Analysts agree the retailer is back on track in both the eyes of its target market and financial performance. AE jeans rose from sixth place to third place this year to obtain a 10.9% dollar-volume share of market, while its key rival, Old Navy's share dropped to 13.2% from better-than-15% last year. Roger Markfield, vice chairman and chief merchandising officer, points out that AE's gains came despite Old Navy's advantage of close to 100 more stores.
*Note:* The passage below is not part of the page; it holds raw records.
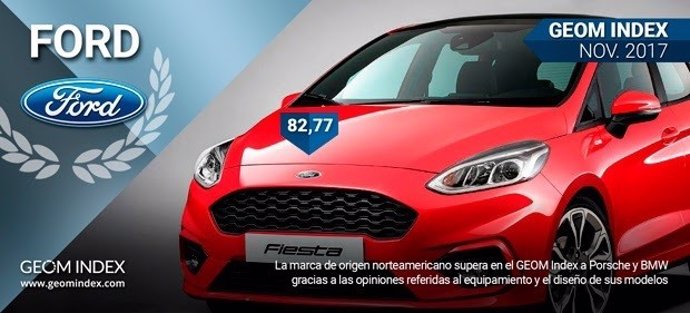 Ford, marca más valorada por los internautas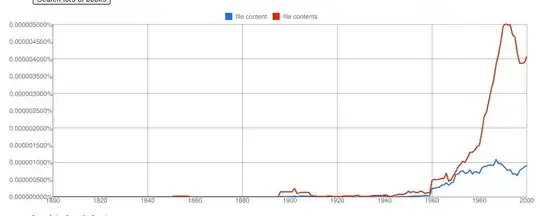 Google Ngram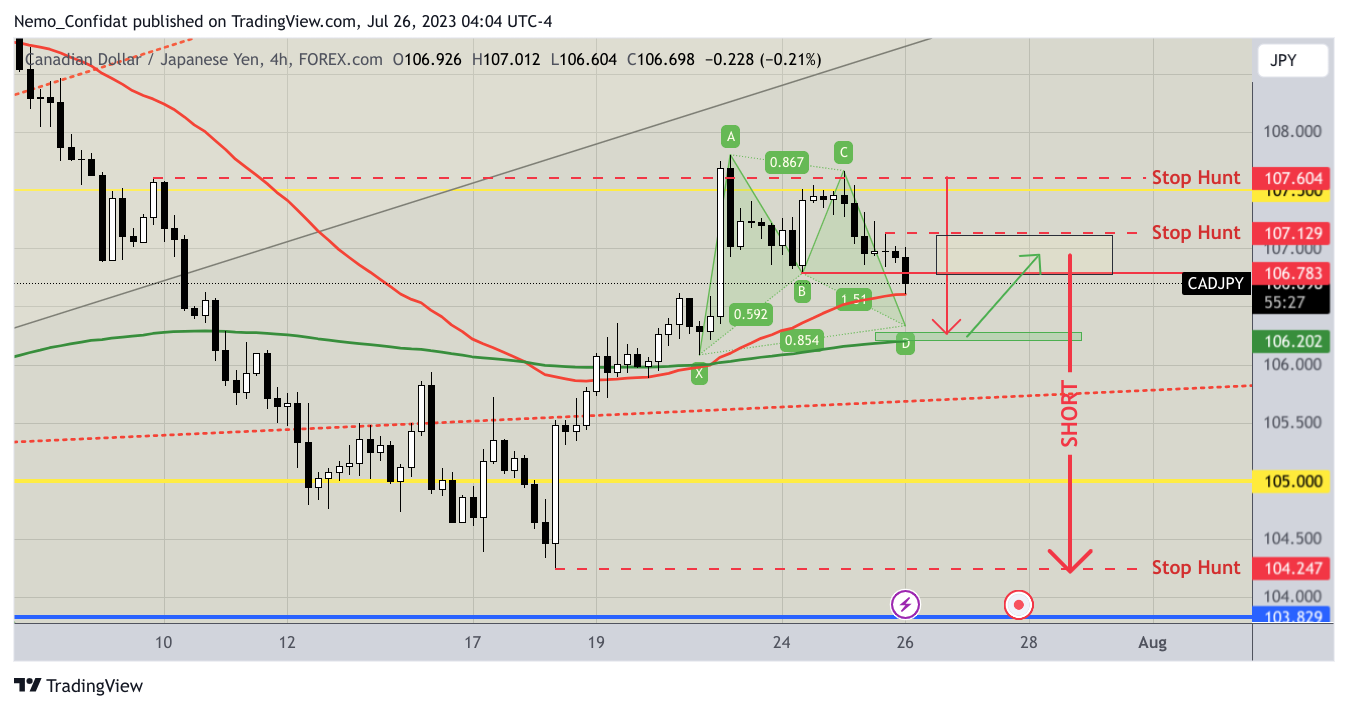 FOREXCOM:CADJPY Chart Image by Nemo_Confidat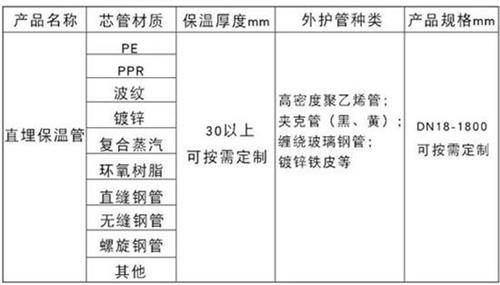 钦州聚氨酯直埋保温管加工产品材质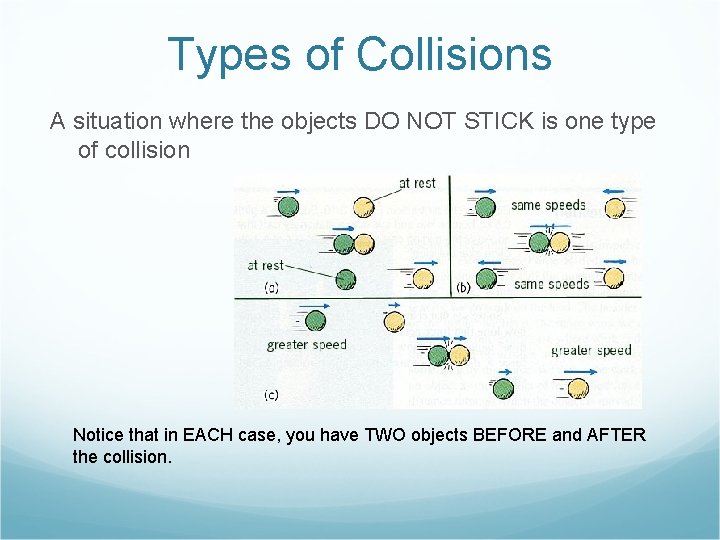 Types of Collisions A situation where the objects DO NOT STICK is one type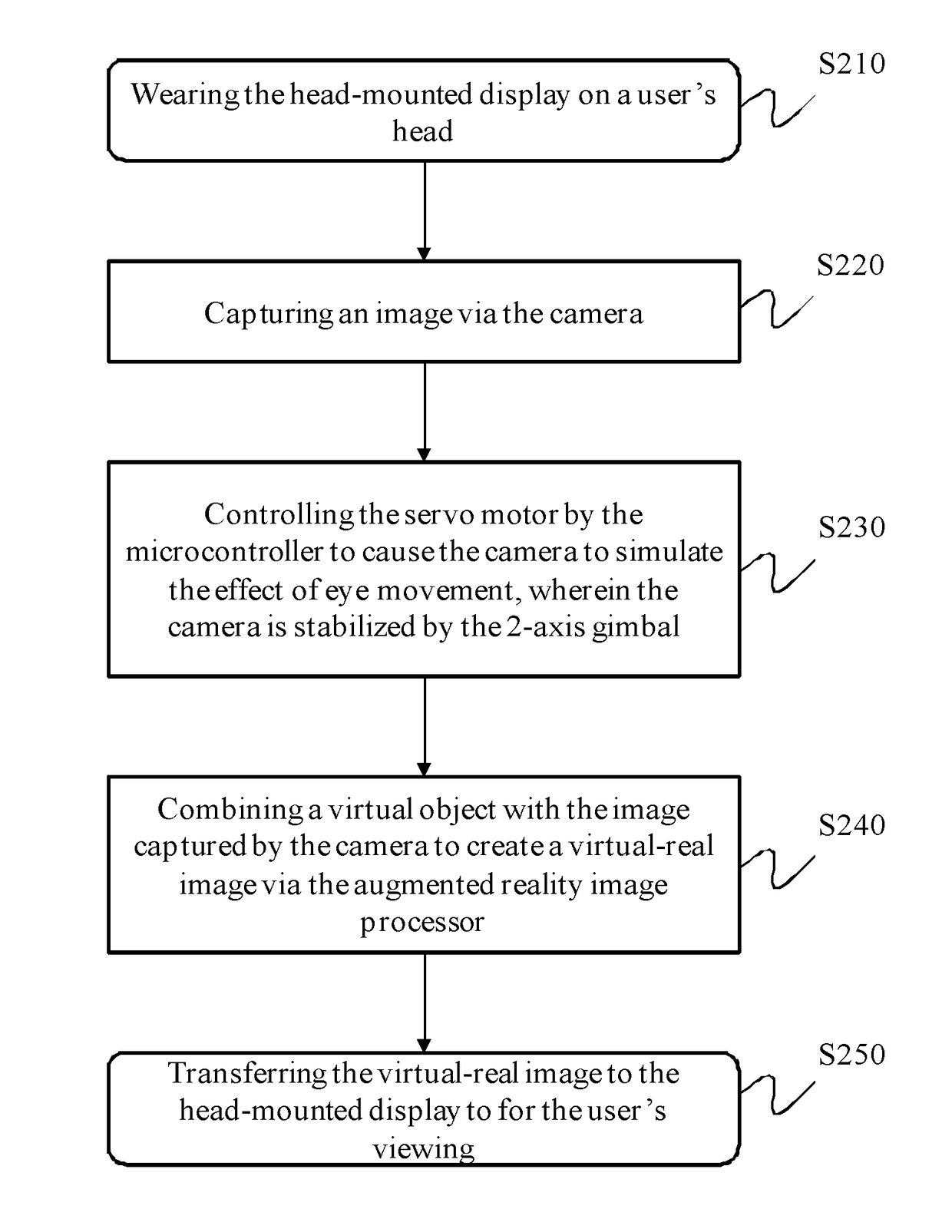 Stereoscopic video see-through augmented reality device with vergence control and gaze stabilization, head-mounted display and method for near-field augmented reality application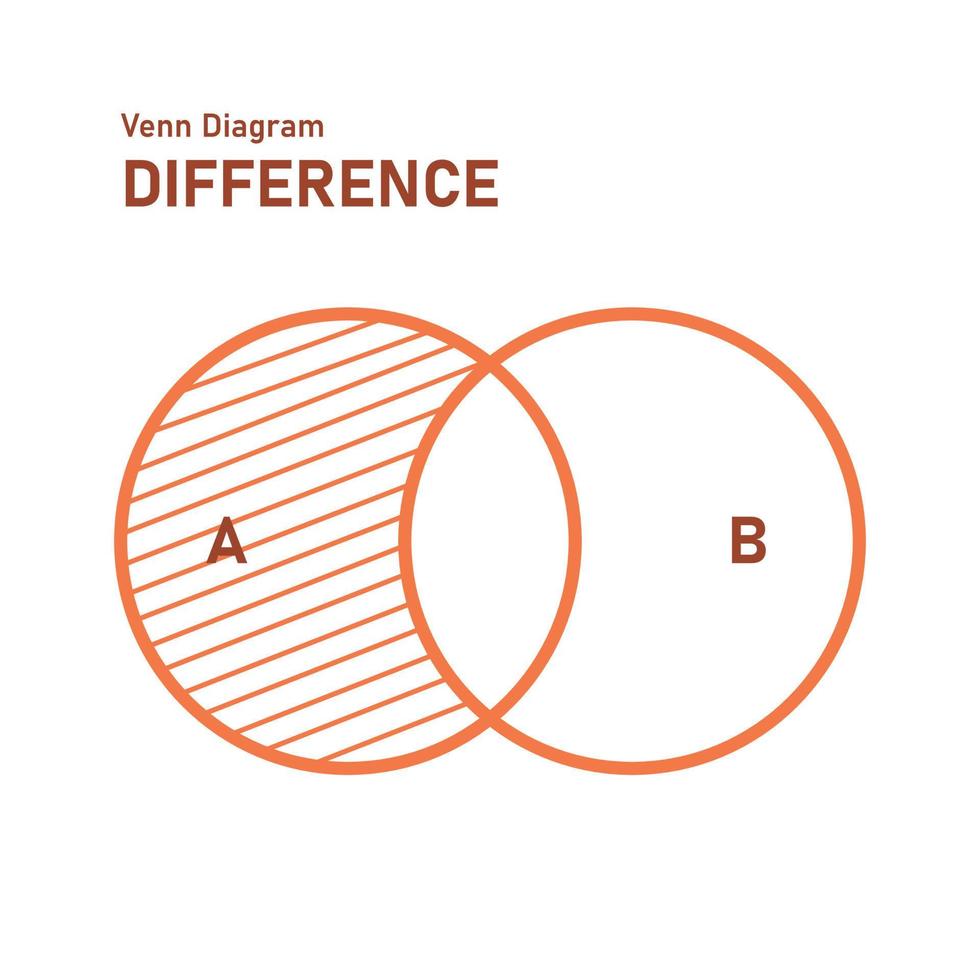 Diagrama de venn de diferencias. cruzando círculos educación matemática. ilustración vectorial vector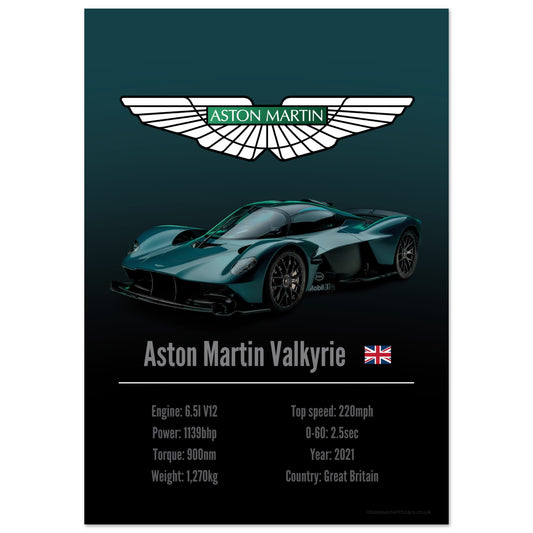 Aston Martin Valkyrie Poster - Accent Collection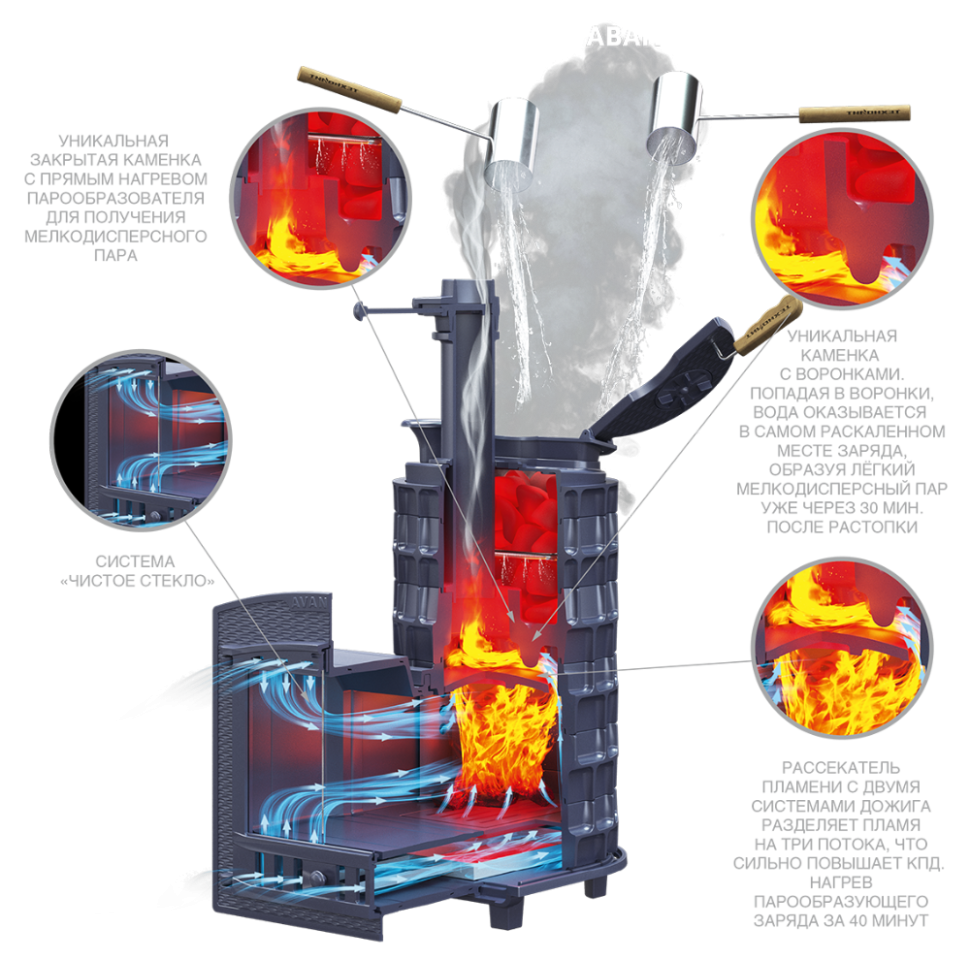 Печь для бани Авангард ЗК 40 (П2) Ураган в сетке Тюльпан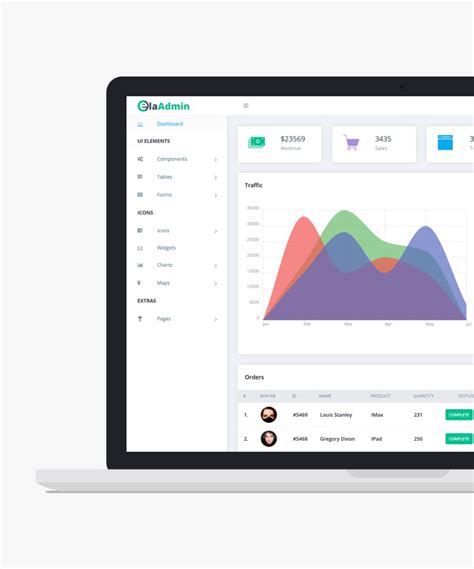 Image result for HTML CSS Bootstrap JavaScript Free Dashboard Template
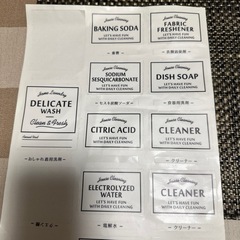 ラベルシールの画像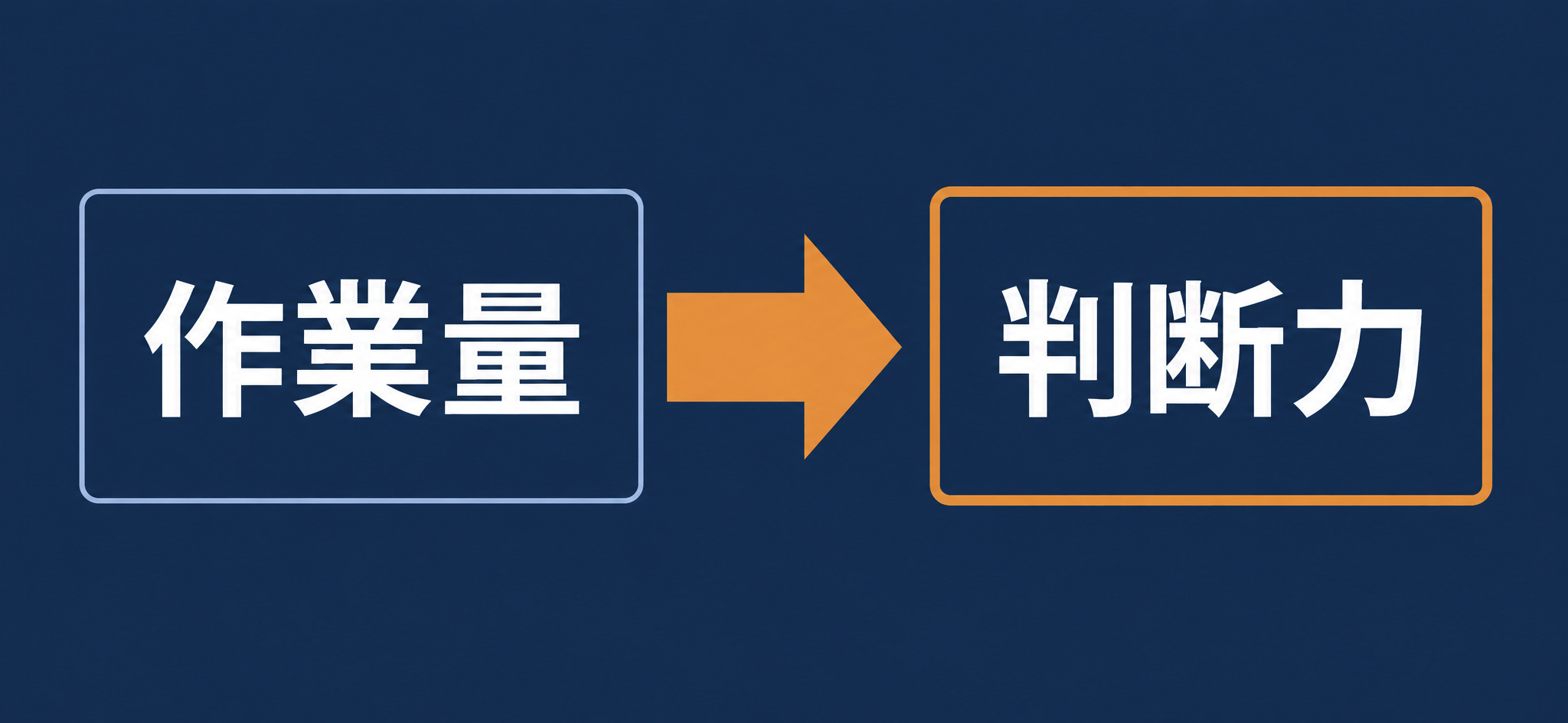 求められる力が作業量から判断力へ移っていることを示す図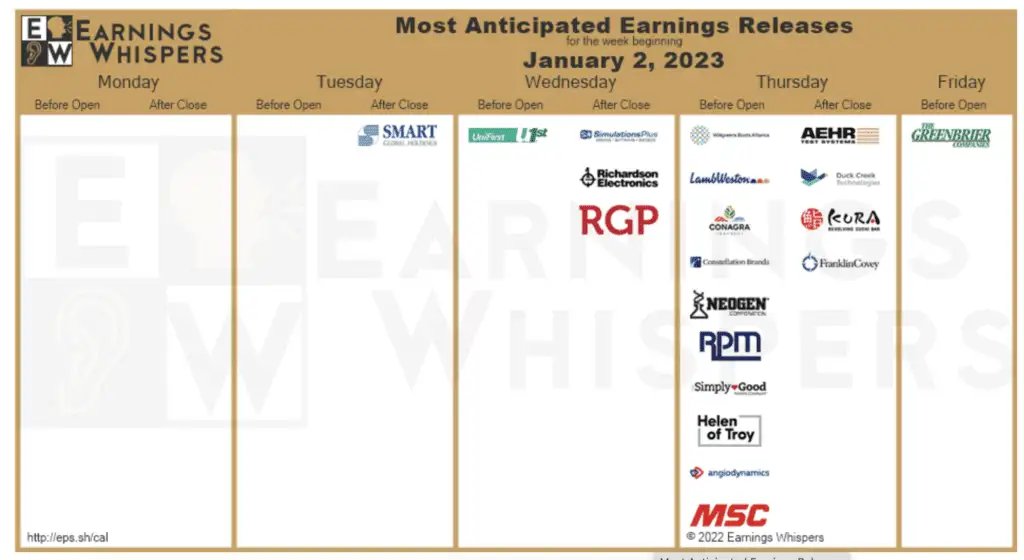 earnings for stocks this week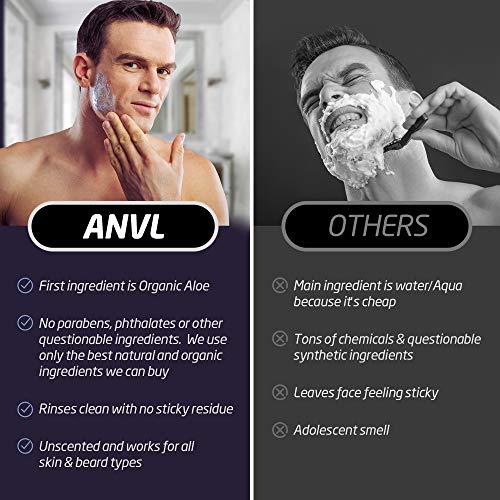 All Natural Shaving Cream for Men | Unscented, Organic & Alcohol-Free | Best for Sensitive, Dry, Oily, or Combination Skin | Zero Chemicals, Superior Smooth Shave | Made in USA | 6 oz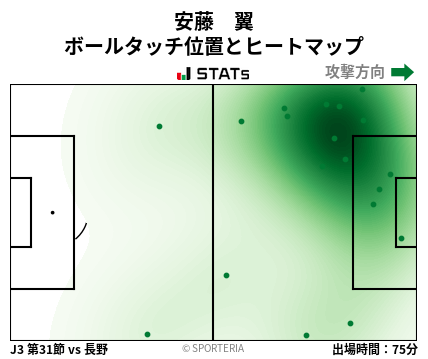 ヒートマップ - 安藤　翼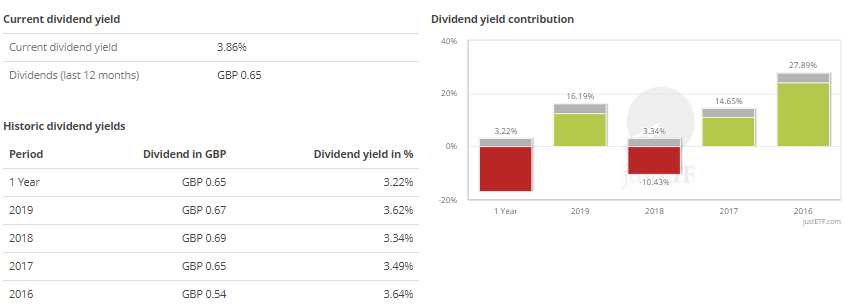 ETF Dividend Yield - how to calculate it and how it can help you invest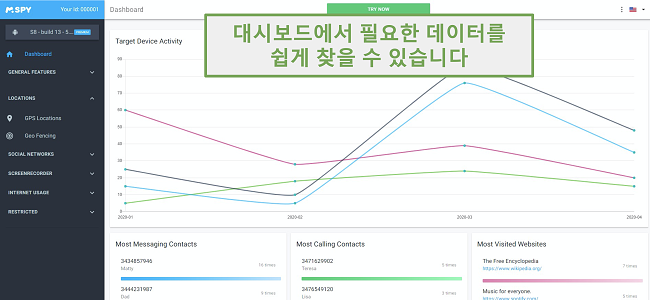 데이터를 쉽게 찾을 수있는 대시 보드의 스크린 샷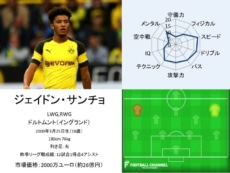 ジェイドン・サンチョ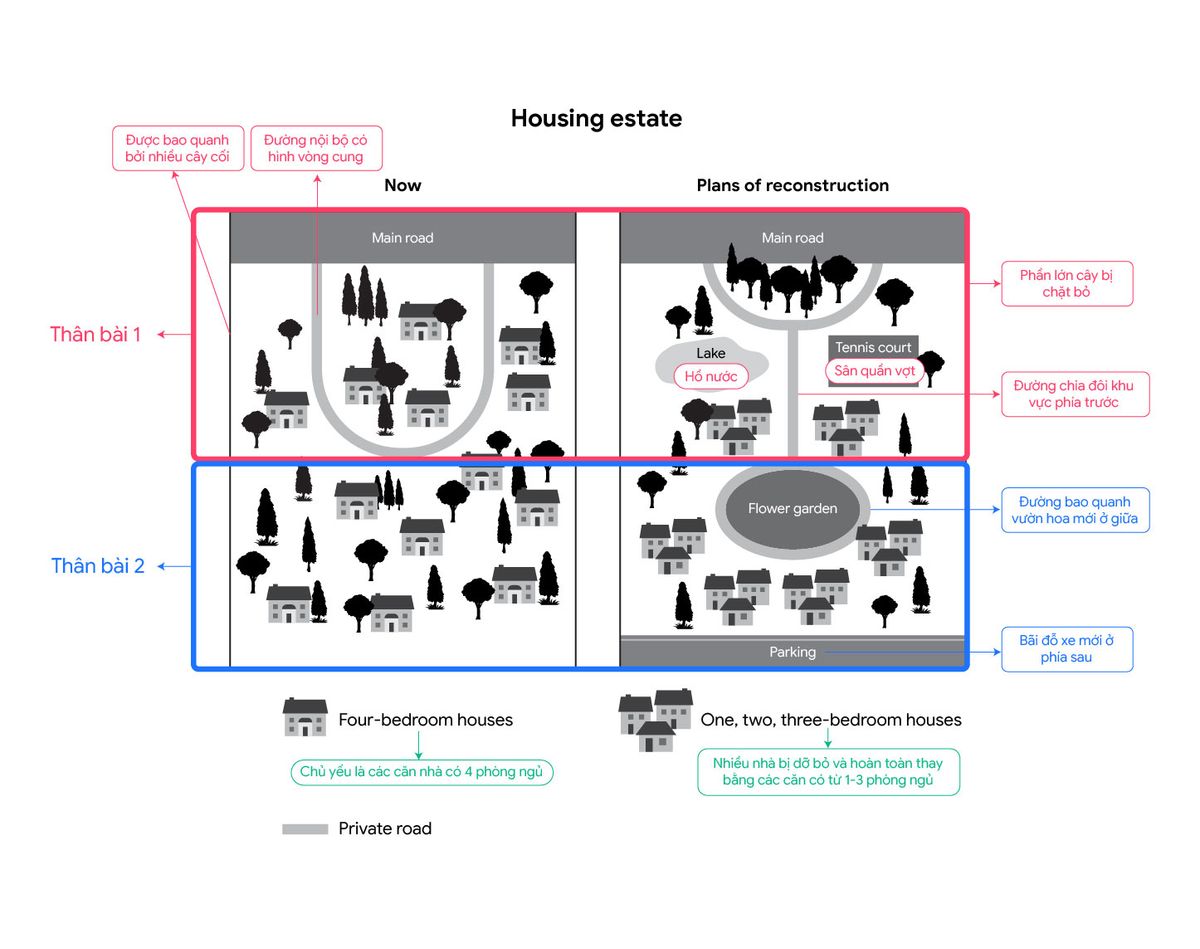 Hướng 2: Theo khu vực Hướng 2: Theo khu vực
"We expect to be the denim destination," he says, adding that in another survey, AE ranked among "the coolest brands out there." CEO James O'Donnell gives a large measure of the company's return to "cool" to a new fashion design team, but also points to an ongoing renovation of between 50 to 70 stores a year, along with increased use of focus groups and other vehicles for obtaining customer feedback.
In respect to its advertising and promotion expenditures, he said, "we're doing more with less." Toward that end, it announced a marketing relationship with Sony Connect music stores that will launch Nov. 26. AE stores will offer 10 free downloads from Connect music stores to customers that make a qualifying purchase at its stores.
By the end of this year, just 225 of the current 773 US American Eagle Outfitters units will remain to be remodeled. It opened 36 new AE stores in the US this year and closed five under-performing units. Plans call for a 5%- to 6%-sf increase a year, with some of that coming from expansions of existing stores to include new sections devoted to intimate apparel and personal care cosmetics.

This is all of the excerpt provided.